Die Seed-Runde ist durch, der Y-Combinator-Demo-Day vorbei. „Jetzt darf ich mal zwei Tage Pause machen“, sagt Ben mit einem Lachen, „und dann geht’s zurück an die 24/7-Arbeit.“

Die Pläne? Recruiting – aber kontrolliert. „Wir fokussieren uns darauf, ein kleines Team zu bleiben, dass wir auch schnellstmöglich arbeiten können.“ 97 Mitarbeiter, wie scherzhaft in den Raum geworfen, werden es wohl nicht werden.

Zunächst bleibt das Team in San Francisco, dort wo die Kunden sind. Ein Engineering- oder Sales-Office in Europa? „So weit haben wir ehrlich gesagt nicht geplant. Wir fokussieren uns mal darauf, unsere existierenden und zukünftigen Kunden glücklich zu machen.“ Die nächste Station: Series A. Für drei Teenager aus Wien ein bemerkenswerter Weg.

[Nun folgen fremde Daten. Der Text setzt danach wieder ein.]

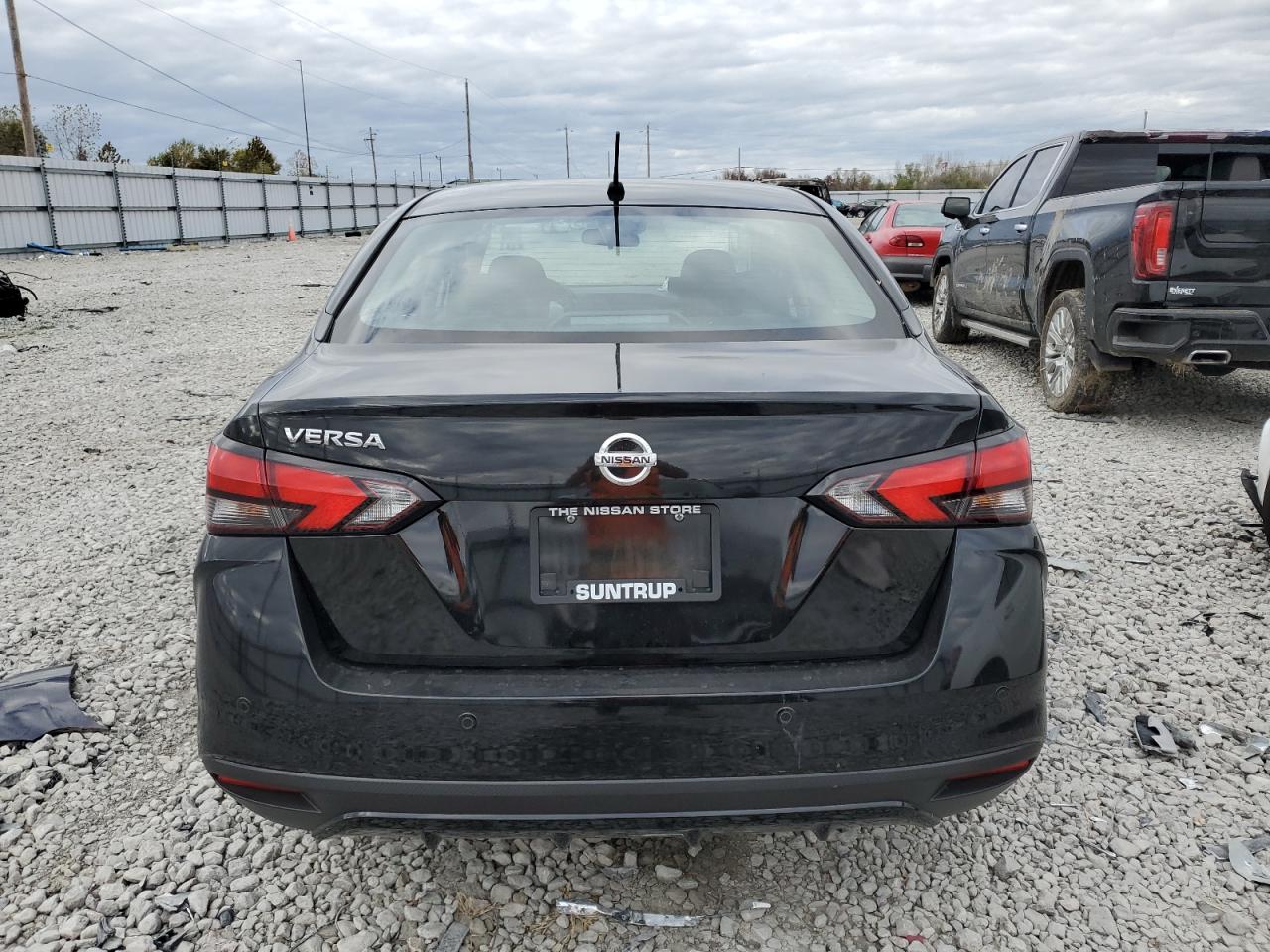 2022 NISSAN VERSA S VIN:3N1CN8DV0NL862473
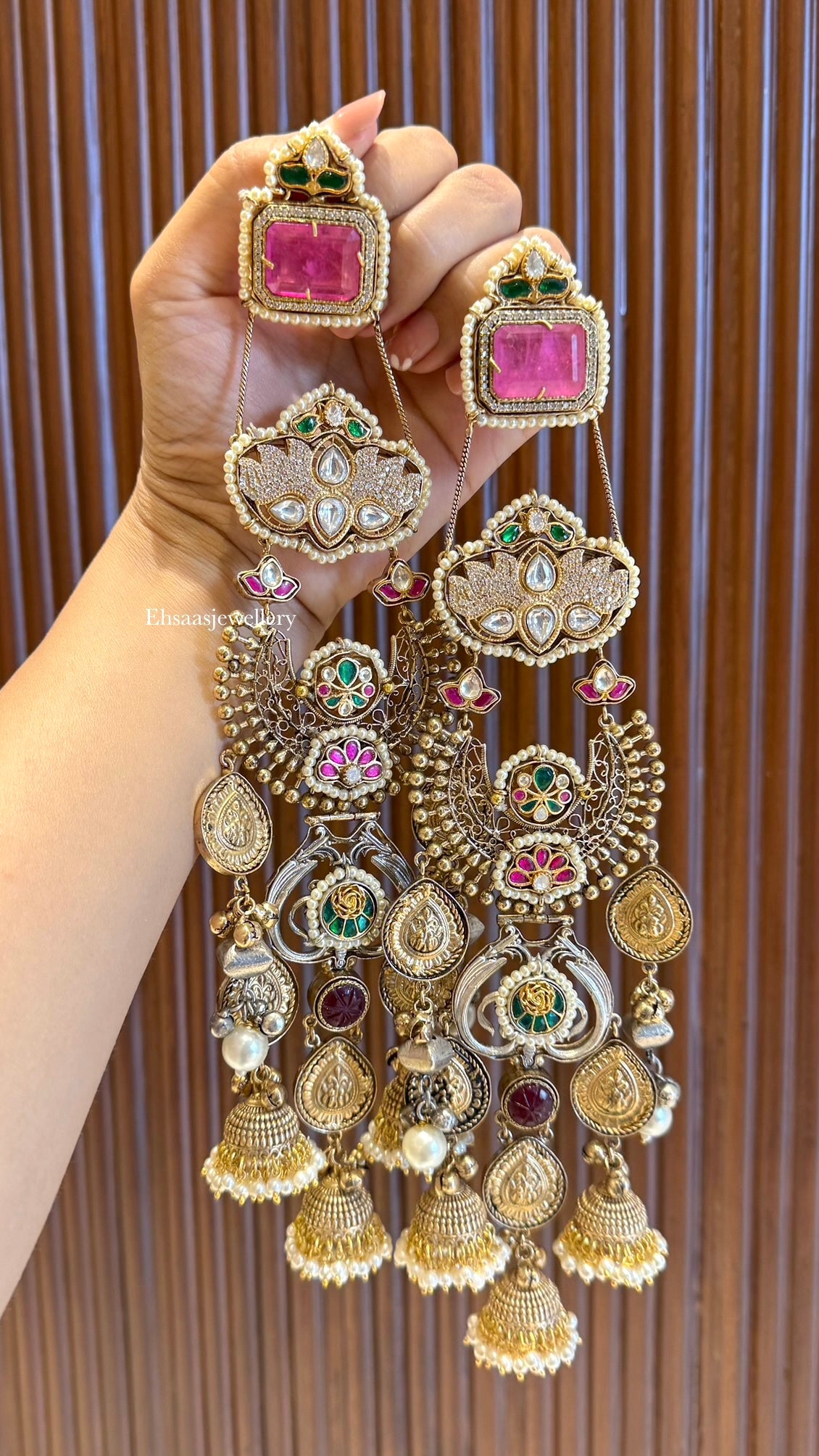 Masakali Kashmiri Earrings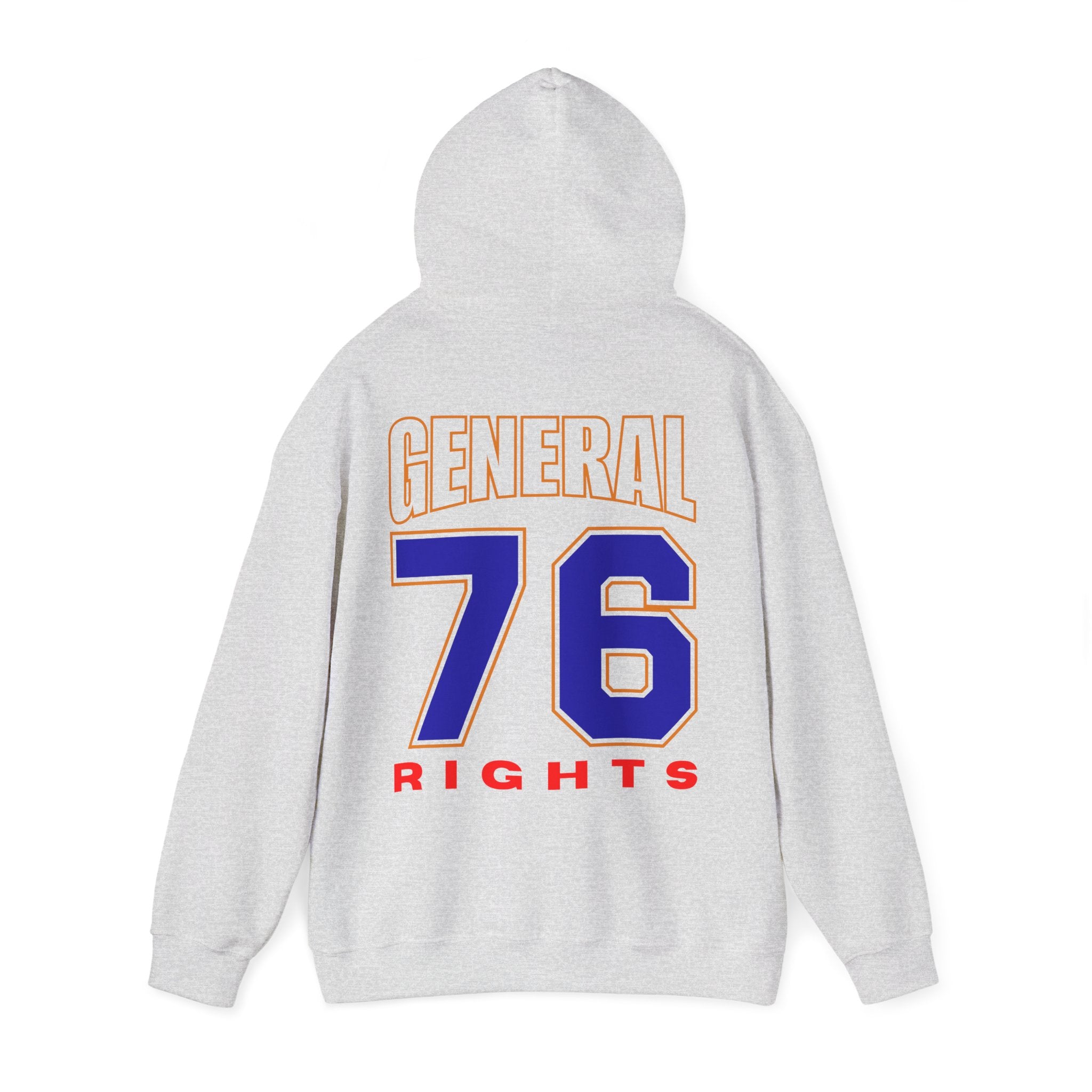 General Numbered Hoodie Collection - 76 General Rights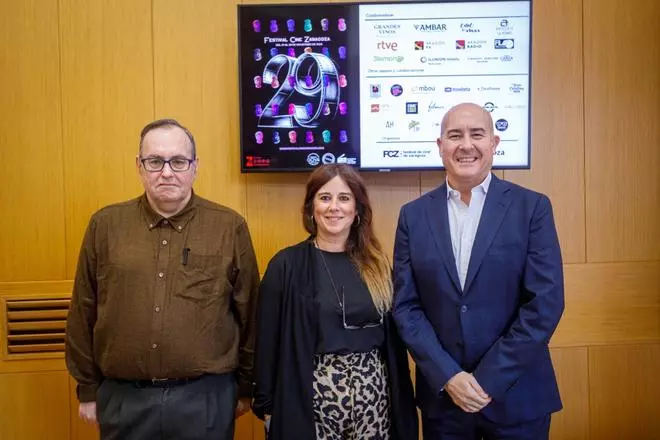 Andrés Pajares, Fernando Colomo, Rodrigo Cortés y Javier Macipe, premiados en el Festival de Cine de Zaragoza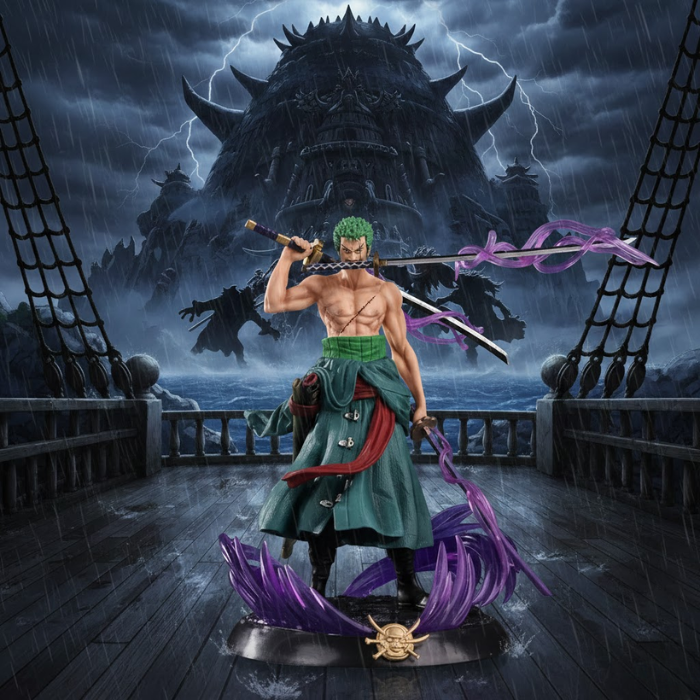 Anime One Piece Roronoa Zoro Action Figure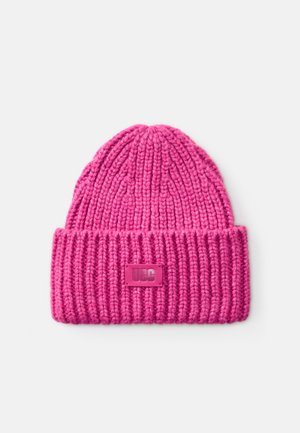 CHUNKY BEANIE UNISEX - Beanie - chroma pink
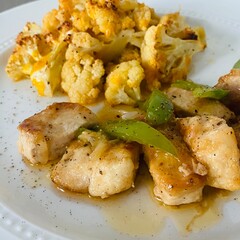 chicken with cauliflower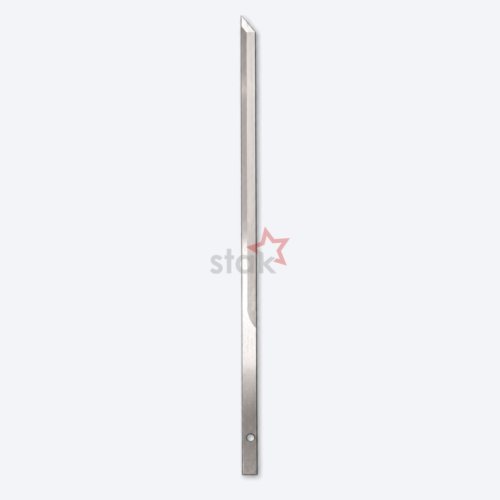 Full view of Stak HSS M2 cutting blade 25492 for FK, 292 × 8 × 2.5 mm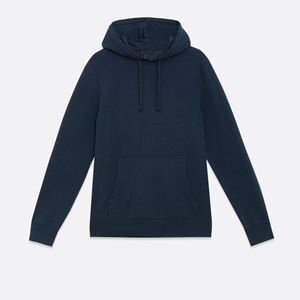 High Quality 100% Cotton Men's Fleece Pullover Custom Lightweight Winter <b>Hoodie</b> Solid Pattern Embroidered Plain Dyed - Product Image 5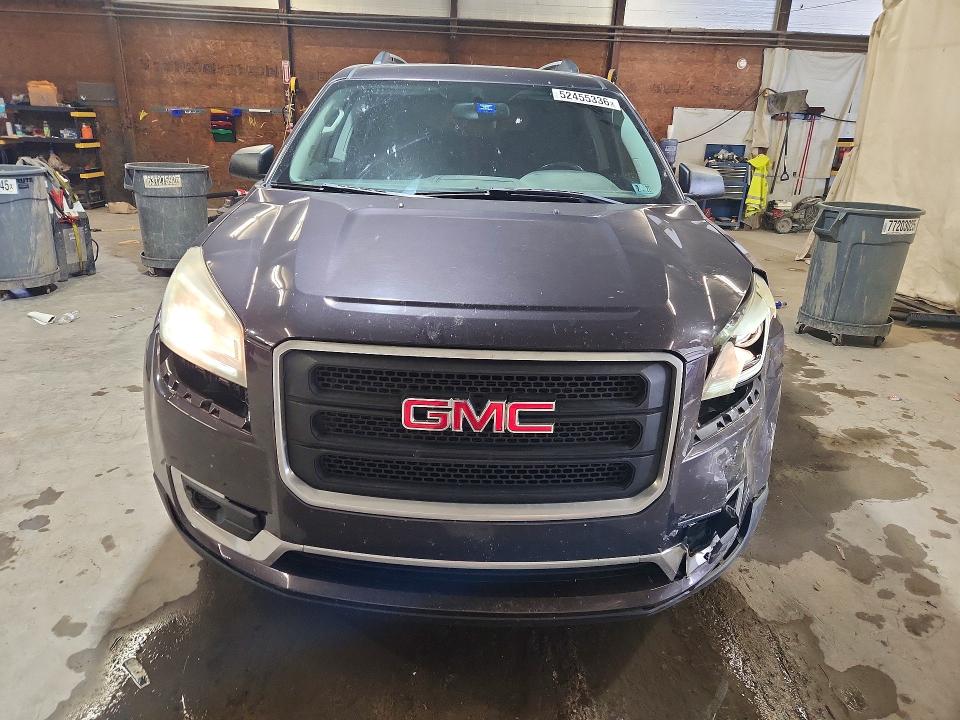 52455336 :رقم المزاد ، 1GKKVPKD7FJ381582 vin ، 2015 Gmc Acadia مزاد بيع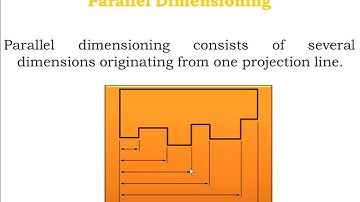 GTU INDUSTRIAL DRAFTING B E  3 rd   SEM MECHATRONIC INTRODUCTION   DIMENSIONING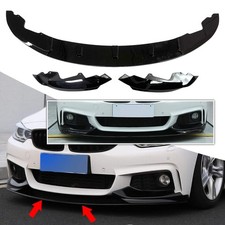 Frontspoiler Sport-Performance für BMW 4 Cabrio Coupe Gran Coupe F33 F83 F32 F36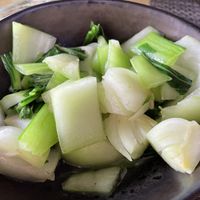 Pak choi  at Laotse in Contern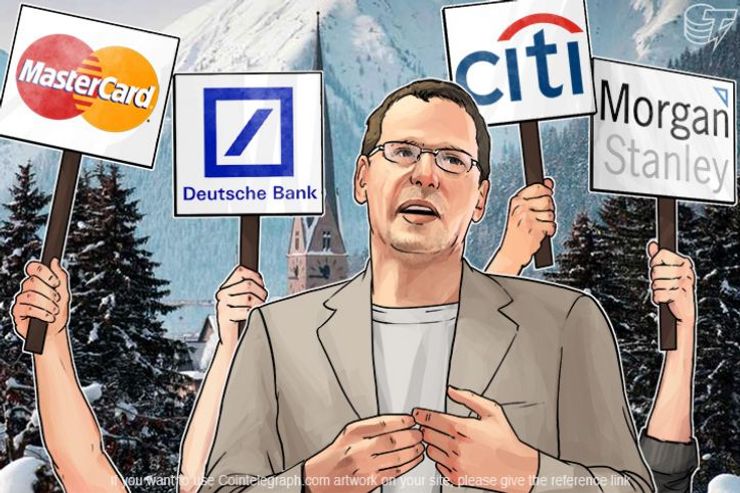 ダボスでの対決―ビットコイン VS ブロックチェーン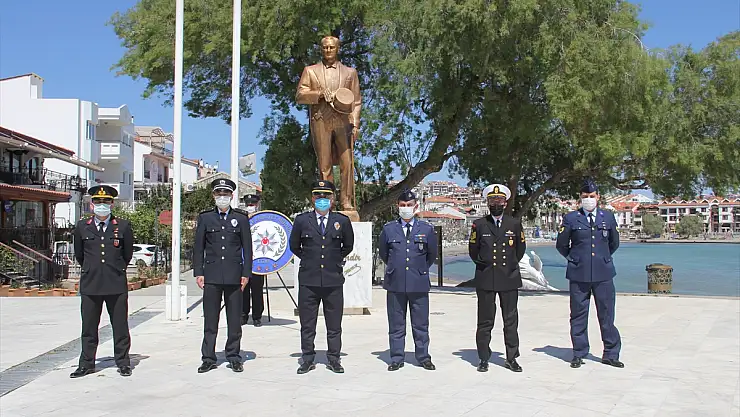 Kavga ihbarıyla çağrılan polislere pastalı sürpriz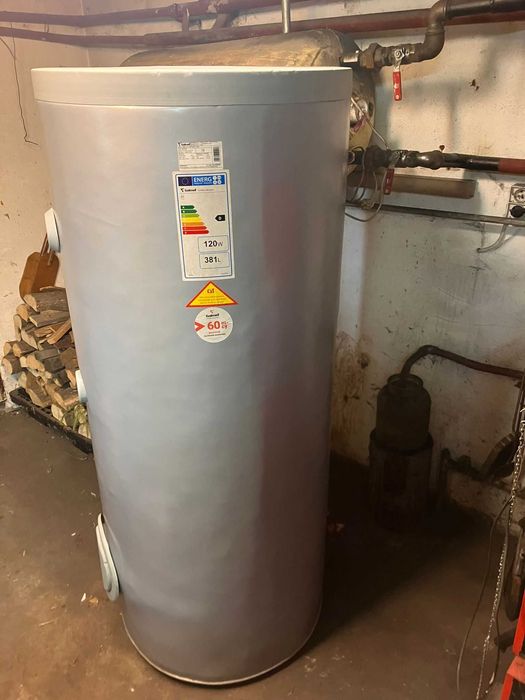 Bufor zbiornik GALMET 400L z wężownicą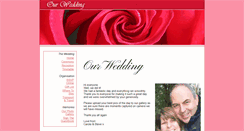 Desktop Screenshot of carole-and-steve.gettingmarried.co.uk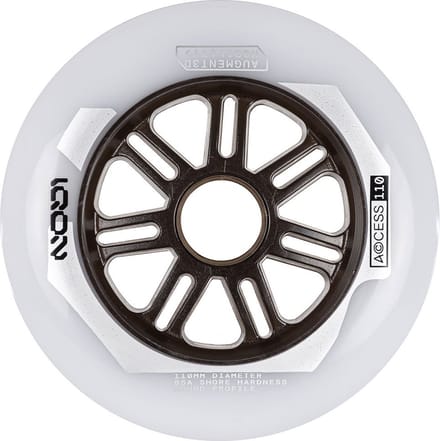 Iqon Access 110 85a Schaatswielen 4 Eenheden Goud 110 mm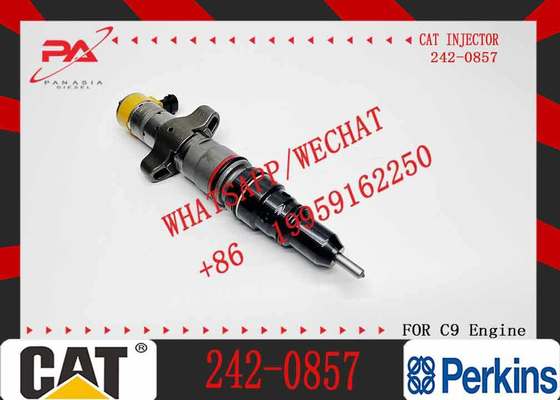Fuel Injector 235-5261 238-8092 242-0857 254-4330 254-4339 254-4340 265-8106 266-4446 267-3360 for Caterpillar C9 Engine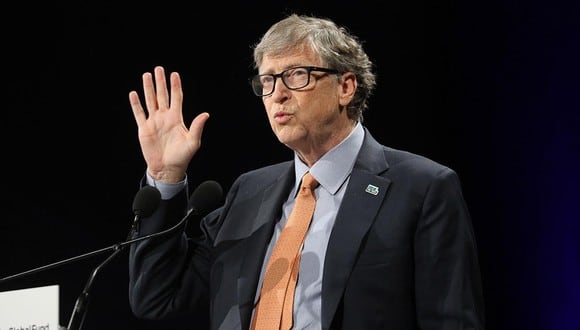 FOTO 1 | 1. Bill Gates (Microsoft) - “La vida no es justa, acostúmbrate a ello”. (Foto: AFP)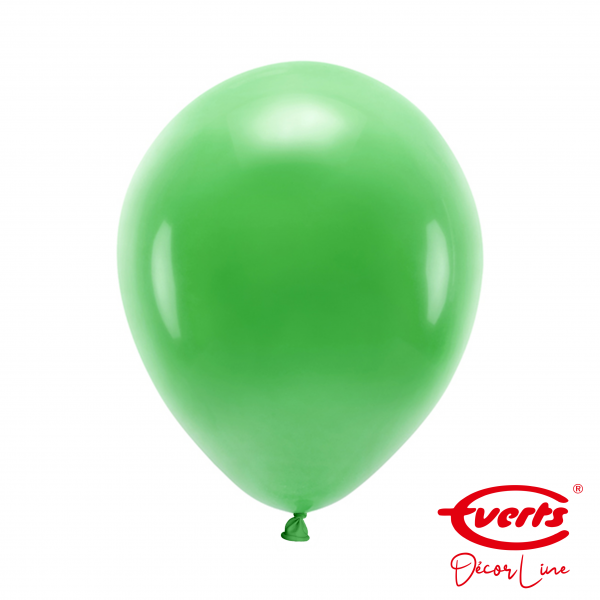 50 Luftballons - DECOR - Ø 28cm - Festive Green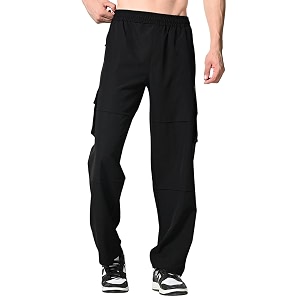 FITINC All Weather 6 Pocket Cargo Pants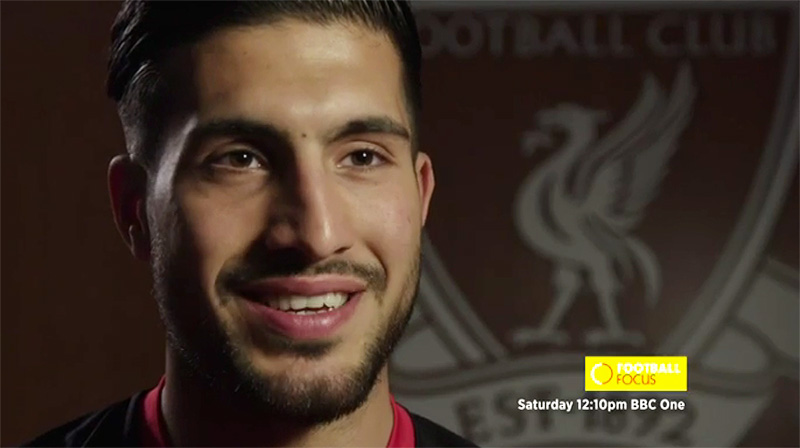 Emre Can Football Focus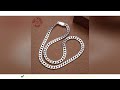 100% s925 sterling silver necklace bracelet punk s925 silver jewelry never fade carry certificate me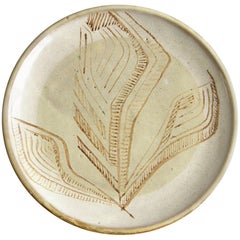 Ceramic Platter by Lee Rosen for Design Technics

Die österreichische KI-Pipeline

Die Koska-Brüder reihen sich ein in eine erstaunliche österreichische Success-Story im Silicon Valley. Nach Magic.dev (Erik Steinberger, Sebastian De Ro) und newsrooms.ai (Matteo Rosoli, Alex Maitz) zeigt SF Tensor: Die Kombination aus HTL-Ausbildung und Hochbegabtenförderung kann Weltklasse-Talente hervorbringen.

„Es ist schon ein Wahnsinn, was da für Output ist“, sagt AI-Austria-Gründer Clemens Wasner zusammen. Absolventen der Spengergasse gehen nach Cambridge oder MIT, steigen mit 19 bei Infineon auf Senior-Positionen ein – oder gründen eben mit 16 ein Startup im Silicon Valley.

Für Österreichs Tech-Szene sind die Koskas mehr als eine Erfolgsgeschichte. Sie sind der Beweis, dass Wien – mit der richtigen Förderung und dem nötigen Ehrgeiz – durchaus mit Palo Alto mithalten kann. Ob mit oder ohne Matura.